Io ho sentito gente che non c’è mai stata, lì in mezzo, quando la strada è chiusa al traffico. Ma che comunque – svisceratamente, animosamente – è favorevole o contraria per empatia, per partito preso. O perché, magari, “a Salerno funziona, ma perché lì è sempre pedonale, se lo facessero anche qui…”. Anche qui, cosa? Si può lastricare a sampietrini una strada comunale come Corso Vittorio Emanuele, e ok, ma via Mazzini è una nazionale. E noi abbiamo un Sindaco, a governarci, mica il Re Sole.
Soprassedendo sul risvolto ambientale della questione (che sarebbe il punto principale, in verità, ma pare ogni volta scalzato da ragioni “superiori”), magari è la volta che sia i favorevoli che i contrari alla cosa si presentino a un tavolo di discussione con in mano fatti e numeri, e non opinioni e sensazioni.
Punto uno, allora: è vero che lo shopping, quand’è obbligatorio farlo a piedi, diminuisce? Ok, l’impatto visivo potrebbe pure essere quello. Ma allora, se è così, c’è un problema più a monte che prescinde dalla transitabilità o meno di una strada. Per fare un’isola pedonale, occorre prima fare i pedoni. Siamo in una città che è tutto centro, stazione e ospedale a due passi, il rione più lontano dista dieci minuti a piedi. Il nostro non è un problema di vivibilità, ma di mentalità, di disabitudine al passeggio, di un orientamento al consumo “compra e fuggi” che non fa bene nemmeno agli stessi negozianti. Ridurre le strategie di vendita a una media ponderata tra macchine che passano e gente che compra porta all’idea avvilente di un commercio arrangiato, fondato non sulle leggi di mercato ma su soggettive teorie probabilistiche.

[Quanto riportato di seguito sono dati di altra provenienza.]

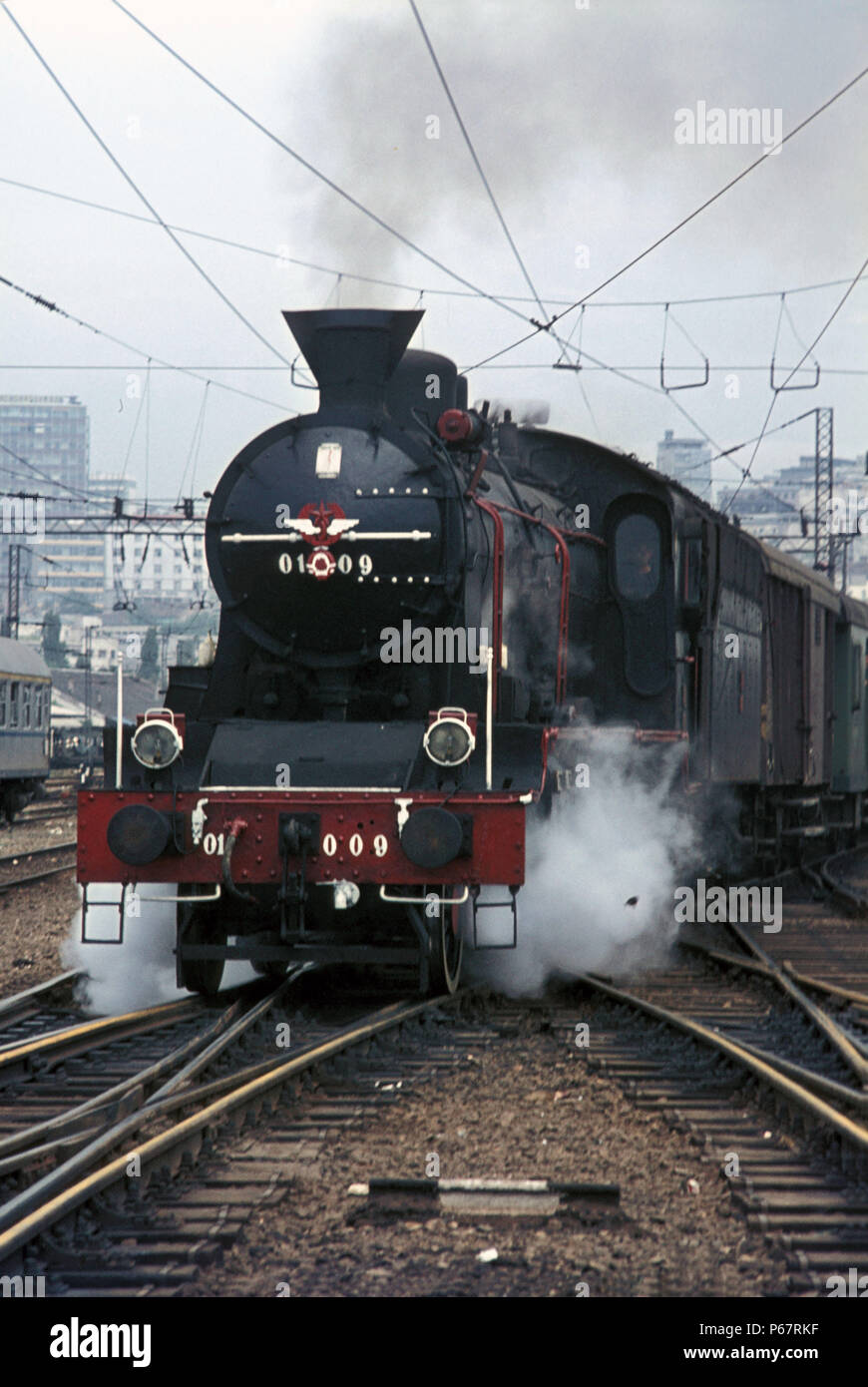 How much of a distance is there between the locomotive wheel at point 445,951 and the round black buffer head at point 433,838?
40 cm

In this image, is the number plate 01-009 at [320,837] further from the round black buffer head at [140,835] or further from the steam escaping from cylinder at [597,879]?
the steam escaping from cylinder at [597,879]

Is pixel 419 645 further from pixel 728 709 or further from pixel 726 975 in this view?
pixel 728 709

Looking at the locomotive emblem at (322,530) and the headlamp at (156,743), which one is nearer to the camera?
the headlamp at (156,743)

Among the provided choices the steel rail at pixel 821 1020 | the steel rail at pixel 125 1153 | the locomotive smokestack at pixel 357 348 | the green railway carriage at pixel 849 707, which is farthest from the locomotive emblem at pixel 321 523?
the green railway carriage at pixel 849 707

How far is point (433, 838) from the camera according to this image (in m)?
6.92

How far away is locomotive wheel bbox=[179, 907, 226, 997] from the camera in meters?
7.70

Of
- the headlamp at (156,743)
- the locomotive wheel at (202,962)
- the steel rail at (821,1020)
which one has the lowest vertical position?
the steel rail at (821,1020)

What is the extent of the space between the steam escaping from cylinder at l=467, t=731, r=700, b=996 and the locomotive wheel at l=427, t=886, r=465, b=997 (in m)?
0.50

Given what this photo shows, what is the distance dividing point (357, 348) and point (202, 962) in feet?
10.9

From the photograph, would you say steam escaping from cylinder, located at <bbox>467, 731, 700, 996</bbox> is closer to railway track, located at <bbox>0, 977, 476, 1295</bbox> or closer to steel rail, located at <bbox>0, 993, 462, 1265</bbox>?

In realtà, all’esperimento della ZTL (a rieccoti l’acronimo, pardon) manca una caratteristica fondamentale: la serenità. Ci si approccia col pregiudizio, sfiduciati in partenza, con poca pazienza. Ci vorrebbe semplicemente il tempo d’abituarcisi, da una parte e dall’altra. In fondo siamo cittadini nati stanchi, mica cosacchi del Don usi a giornate di marce nella steppa siberiana. Abbiamo tutti radici rurali, ma sul fronte degli agi ci siamo evoluti in fretta. Accompagniamo i figli facendo più strada per raggiungere il garage che per arrivare a scuola, prendiamo le pizze da asporto dalla pizzeria sotto casa facendole raffreddare nel frattempo che non riparcheggiamo. Nella nursery, a pochi giorni di vita, oltre al ciuccio già ci appendono al collo bollo e assicurazione e ci truccano i chilometri sull’estratto di nascita. E beh: sarà pure ora di terminarlo, ‘sto rodaggio, o no?